» Task instructions
Every line below that holds the word "Adjustable" must be listed.

» Study material
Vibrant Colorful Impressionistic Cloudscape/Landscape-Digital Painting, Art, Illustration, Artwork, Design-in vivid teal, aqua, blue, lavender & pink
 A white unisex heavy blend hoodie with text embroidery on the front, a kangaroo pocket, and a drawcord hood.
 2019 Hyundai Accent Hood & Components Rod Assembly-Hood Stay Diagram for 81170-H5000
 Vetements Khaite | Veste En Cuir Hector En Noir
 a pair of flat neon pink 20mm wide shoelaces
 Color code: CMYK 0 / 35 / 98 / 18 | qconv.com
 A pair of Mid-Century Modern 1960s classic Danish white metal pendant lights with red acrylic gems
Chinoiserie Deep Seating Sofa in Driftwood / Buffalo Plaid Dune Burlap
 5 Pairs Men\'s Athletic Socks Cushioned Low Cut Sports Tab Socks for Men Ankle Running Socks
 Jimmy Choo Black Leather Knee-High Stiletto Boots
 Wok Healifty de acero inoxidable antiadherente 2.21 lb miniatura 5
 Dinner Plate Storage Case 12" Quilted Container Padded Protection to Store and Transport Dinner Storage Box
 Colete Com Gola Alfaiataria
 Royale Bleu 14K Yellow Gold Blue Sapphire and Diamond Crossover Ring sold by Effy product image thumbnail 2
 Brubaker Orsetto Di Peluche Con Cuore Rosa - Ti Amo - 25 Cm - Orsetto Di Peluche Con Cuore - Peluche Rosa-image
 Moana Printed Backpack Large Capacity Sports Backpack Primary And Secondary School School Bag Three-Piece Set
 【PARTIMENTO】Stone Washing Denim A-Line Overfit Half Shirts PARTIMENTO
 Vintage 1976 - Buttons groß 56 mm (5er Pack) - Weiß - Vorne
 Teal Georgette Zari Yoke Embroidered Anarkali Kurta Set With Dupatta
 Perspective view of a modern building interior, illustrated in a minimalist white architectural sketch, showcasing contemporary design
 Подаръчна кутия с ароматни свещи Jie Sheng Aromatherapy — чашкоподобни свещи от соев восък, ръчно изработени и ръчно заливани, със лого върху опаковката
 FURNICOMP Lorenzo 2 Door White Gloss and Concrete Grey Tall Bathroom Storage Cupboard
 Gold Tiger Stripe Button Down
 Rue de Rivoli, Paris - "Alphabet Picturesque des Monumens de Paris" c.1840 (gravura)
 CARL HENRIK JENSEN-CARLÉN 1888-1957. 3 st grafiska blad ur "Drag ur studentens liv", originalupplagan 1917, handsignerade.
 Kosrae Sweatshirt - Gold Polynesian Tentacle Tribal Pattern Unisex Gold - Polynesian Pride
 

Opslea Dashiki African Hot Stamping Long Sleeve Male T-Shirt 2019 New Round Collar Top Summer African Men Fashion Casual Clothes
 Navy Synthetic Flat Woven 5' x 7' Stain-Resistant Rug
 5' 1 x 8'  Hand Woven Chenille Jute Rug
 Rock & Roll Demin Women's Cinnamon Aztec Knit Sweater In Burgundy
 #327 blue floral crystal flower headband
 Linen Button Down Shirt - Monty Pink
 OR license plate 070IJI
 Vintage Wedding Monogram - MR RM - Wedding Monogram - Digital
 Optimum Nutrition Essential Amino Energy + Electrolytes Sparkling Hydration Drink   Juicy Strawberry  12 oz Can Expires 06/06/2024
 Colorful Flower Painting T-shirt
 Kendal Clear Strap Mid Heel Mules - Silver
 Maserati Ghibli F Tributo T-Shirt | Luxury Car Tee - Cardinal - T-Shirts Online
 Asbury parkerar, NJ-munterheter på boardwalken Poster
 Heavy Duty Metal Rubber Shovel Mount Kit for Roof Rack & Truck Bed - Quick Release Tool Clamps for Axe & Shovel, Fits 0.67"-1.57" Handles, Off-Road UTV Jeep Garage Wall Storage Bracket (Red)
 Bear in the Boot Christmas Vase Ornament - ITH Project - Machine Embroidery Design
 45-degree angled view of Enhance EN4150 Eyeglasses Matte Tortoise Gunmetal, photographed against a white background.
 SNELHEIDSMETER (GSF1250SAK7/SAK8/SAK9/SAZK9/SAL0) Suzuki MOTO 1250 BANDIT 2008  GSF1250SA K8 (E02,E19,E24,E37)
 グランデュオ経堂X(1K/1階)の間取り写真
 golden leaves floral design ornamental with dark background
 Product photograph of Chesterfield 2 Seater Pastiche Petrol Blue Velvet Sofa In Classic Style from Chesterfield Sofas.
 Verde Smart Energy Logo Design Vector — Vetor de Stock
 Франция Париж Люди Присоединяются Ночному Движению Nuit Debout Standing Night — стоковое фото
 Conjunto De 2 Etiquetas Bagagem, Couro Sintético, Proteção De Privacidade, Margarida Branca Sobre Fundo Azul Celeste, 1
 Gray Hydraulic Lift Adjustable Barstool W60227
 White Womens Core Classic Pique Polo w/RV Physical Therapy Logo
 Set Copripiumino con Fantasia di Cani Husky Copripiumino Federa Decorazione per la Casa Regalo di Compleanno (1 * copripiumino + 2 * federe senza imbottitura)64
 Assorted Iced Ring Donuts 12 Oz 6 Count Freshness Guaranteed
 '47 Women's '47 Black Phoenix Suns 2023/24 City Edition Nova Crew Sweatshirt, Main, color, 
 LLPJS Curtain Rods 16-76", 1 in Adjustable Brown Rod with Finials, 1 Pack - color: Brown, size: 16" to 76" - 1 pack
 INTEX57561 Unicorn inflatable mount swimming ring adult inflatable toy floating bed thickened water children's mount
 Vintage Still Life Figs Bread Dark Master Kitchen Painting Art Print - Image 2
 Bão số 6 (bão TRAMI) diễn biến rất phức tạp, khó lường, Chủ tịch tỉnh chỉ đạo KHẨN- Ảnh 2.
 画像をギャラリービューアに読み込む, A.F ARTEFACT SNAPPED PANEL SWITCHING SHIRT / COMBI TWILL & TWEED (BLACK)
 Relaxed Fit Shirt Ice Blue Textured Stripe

» Solved problem
 Gray Hydraulic Lift Adjustable Barstool W60227
 LLPJS Curtain Rods 16-76", 1 in Adjustable Brown Rod with Finials, 1 Pack - color: Brown, size: 16" to 76" - 1 pack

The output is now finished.